─── DATA ───

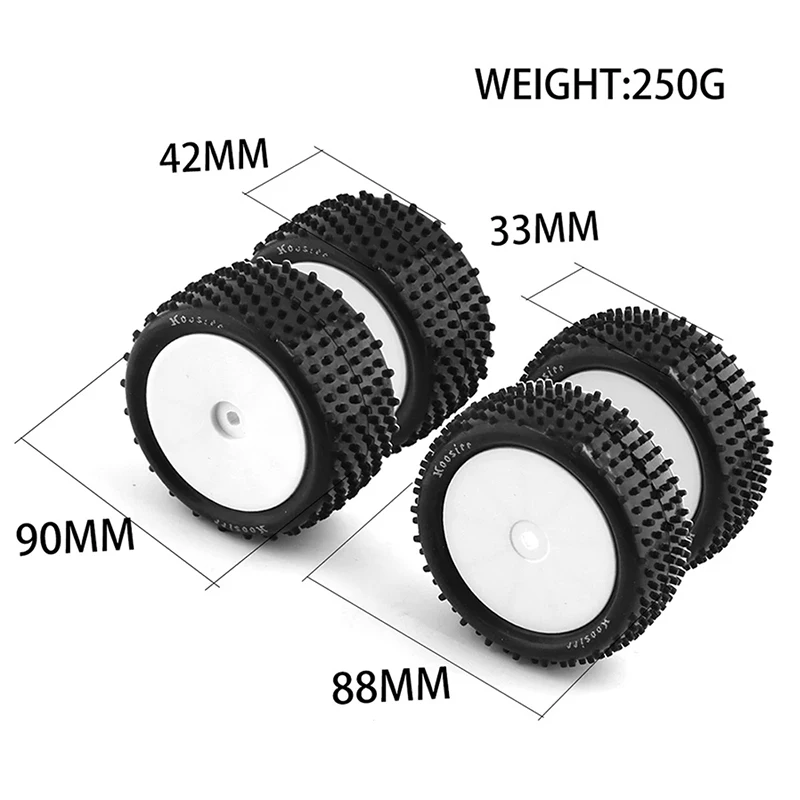 

82&87mm 1/10 2WD RC Off-Road Buggy Car Rubber Tires Wheels Tyres for XRAY XB2 Serpent SRX2 SRX4 TRX Bandit Tekno EB410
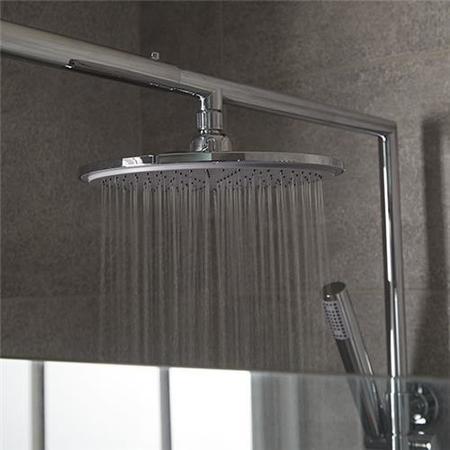 Aqualine Round Riser Slide Shower Rail Kit with Bracing Frame & Valve 
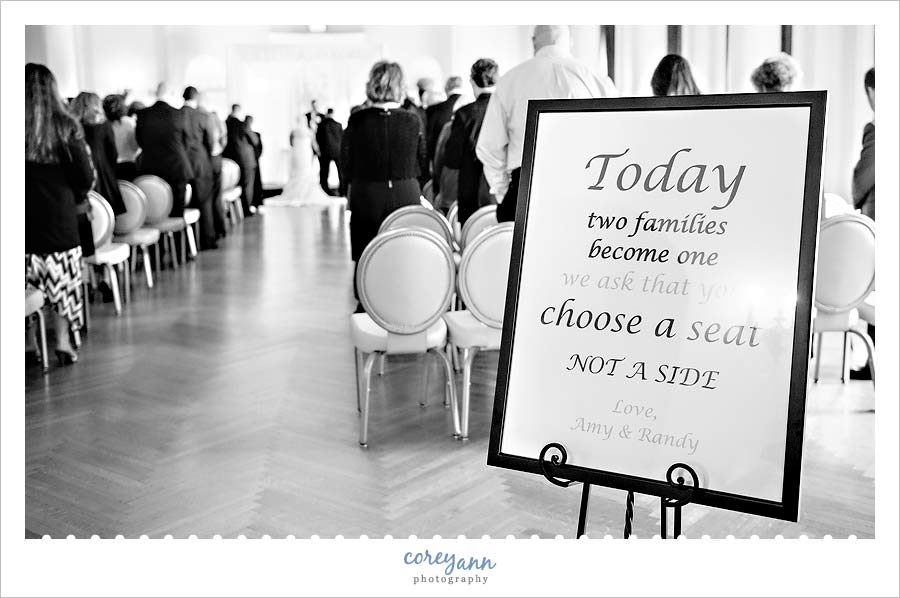 wedding sign at wedding ceremony 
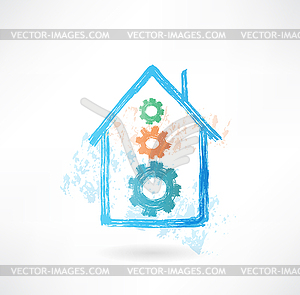 Механизм дом значок гранж - изображение в векторе / векторный клипарт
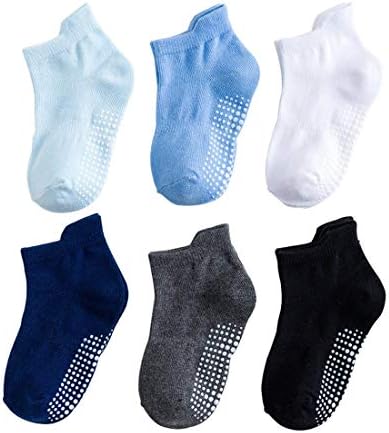 Jiyaru ソックス ベビー 子供 6足 セット コットンソックス キッズ 赤ちゃん 幼児用 靴下 滑り止め 男の子 3 5歳 注目ブランド 吸汗 無地 室内用 登園 通学 スニーカーソックス 綿 通気 女の子 弾性 スポーツ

───

*EXERCISE AIM*: No picture belongs in the answer; the rest of the records must be repeated exactly.

*TASK OUTPUT*:
82&87mm 1/10 2WD RC Off-Road Buggy Car Rubber Tires Wheels Tyres for XRAY XB2 Serpent SRX2 SRX4 TRX Bandit Tekno EB410
 Aqualine Round Riser Slide Shower Rail Kit with Bracing Frame & Valve 
 wedding sign at wedding ceremony 
 Механизм дом значок гранж - изображение в векторе / векторный клипарт
 Jiyaru ソックス ベビー 子供 6足 セット コットンソックス キッズ 赤ちゃん 幼児用 靴下 滑り止め 男の子 3 5歳 注目ブランド 吸汗 無地 室内用 登園 通学 スニーカーソックス 綿 通気 女の子 弾性 スポーツ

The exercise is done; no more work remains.